For the warehouse task, we provide an additional evaluative visualization of the final performance to provide a clearer sense of how well it works. For any stage of the behavior, we can take a trained agent and assess how reliably it can perform a given behavior from different initial positions. We defined a grid of initial x-y locations in the plane. For each location we initialized the humanoid there 10 times, randomizing over orientation, body configuration (sampled from motion capture), and initial velocity. We then computed the fraction of trials for which the humanoid was able to successfully pick up a prop. We visualize a top down view, with the agent aiming to pick up the prop located on the pedestal on the right side of the top down view, with the heatmap of success probability overlain (Figure 6B). The agent is generally robust to initial position of the humanoid, with some limited fraction of initializations that are too close to the pedestal failing, presumably due to initial poses or velocities that make it especially difficult.

For the toss task, we similarly wanted to provide a statistical description of the core behavior of the trained agent. Again, we discretized the space of initial ball velocities (both towards the humanoid and horizontally relative to the agent) – consistent with training, we computed an initial vertical velocity such that ball would be approximately shoulder height when near the initial position of the humanoid. We initialized the ball velocity for 10 repeats in each bin of the velocity, randomizing over other variations. The heatmap depicted in Figure 7B indicates the “strike zone” of parameters for which the agent is able to catch the ball. Naturally, for initial velocities that are too horizontal it is simply not possible to catch the ball and probability of success falls off to zero (indicated by episode return of , corresponding to the ball hitting the ground).

We also remark that visual “quality” does not entirely align with performing the task optimally. Throughout the course of our research, we noticed that slightly worse optimizers or termination partway through training resulted in policies that were more conservative, scored fewer points, but might subjectively be considered to look more humanlike (less hurried). This is consistent with the humanlikeness of the movements being determined largely by the low-level controller, but performance of the task becoming increasingly hectic as the task-policy ultimately controls the body to move faster and with extreme movements to achieve more reward. For an example of a policy trained for less time, see video (V8).

4.3 Task variations

Figure 8: (A) Performance on the warehouse task as a function of using NPMPs trained with different ratios of expert data. “Mixed” uses natural proportions of all of our warehouse and ball tossing data, “no toss” omits all tossing data, and “toss++” uses ball toss experts upsampled by a factor of two. (B) Comparison of performance on the warehouse task under the default setting involving initializations at “all” phases of the task versus training with initializations restricted to either the “pickup” or “walk” phases. (C) We trained the task policy to perform the warehouse task with either the baseline variation in box sizes (blue) or only a smaller range of large boxes (orange) and then evaluated performance only interacting with large boxes. Variation on the wider distribution during training improved performance on the evaluation tasks.

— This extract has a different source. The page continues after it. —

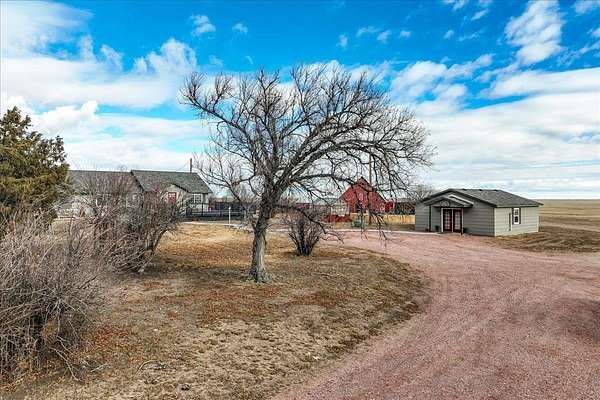 20.5 Acres of Land with Home for Sale in Chugwater, Wyoming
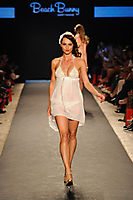 A model walks the runway for Beach Bunny_10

In addition to demonstrating performance on the core tasks, a few themes emerged in developing our approach, for which we provide illustrative examples. In particular, some trends that we observed include: (1) the ratio of expert skills in the NPMP matter, (2) the initializations at different phases of the task matter for the warehouse task, but aren’t required for the toss task, & (3) more extreme variations benefit from a curriculum via variations (a similar result is reported in heess2017emergence).

First, we consider how important the relative ratios of different skills are in the NPMP. In extreme cases, this is trivially important. For example, in previous work (merel2018neural), we generated a NPMP with diverse locomotion skills, but without object interactions, and this controller cannot transfer to the warehouse task. A more nuanced question is how important the relative quantities of ball tossing behavior versus warehouse behavior affect the ability of the NPMP to learn the two tasks. For illustration, we trained three NPMPs, one that only had access to warehouse experts, one that had both warehouse experts and ball toss experts in proportion to how much was collected (more motion capture was warehouse relative to toss demonstrations), and one that trained on twice as much data from toss experts – that is, when training the NPMP, we recorded twice as many trajectories from ball toss experts as we did for other experts, thereby over-representing these experts in the NPMP training data. Note that in the toss upsampled NPMP, toss experts were over-represented relative to our motion capture, but there was still more warehouse data relative to toss data even with this upsampling. We observed that while the upsampled toss NPMP learned an arguably slightly more aesthetically satisfying toss behavior (no meaningful change in performance), it was more difficult for the upsampled toss NPMP to learn the warehouse task. In figure 8

A, we show comparisons of these different NPMPs on the warehouse task. While ultimately, the upsampled toss NPMP was able to learn the warehouse task, it was consistently lower and less robust for other hyperparameters.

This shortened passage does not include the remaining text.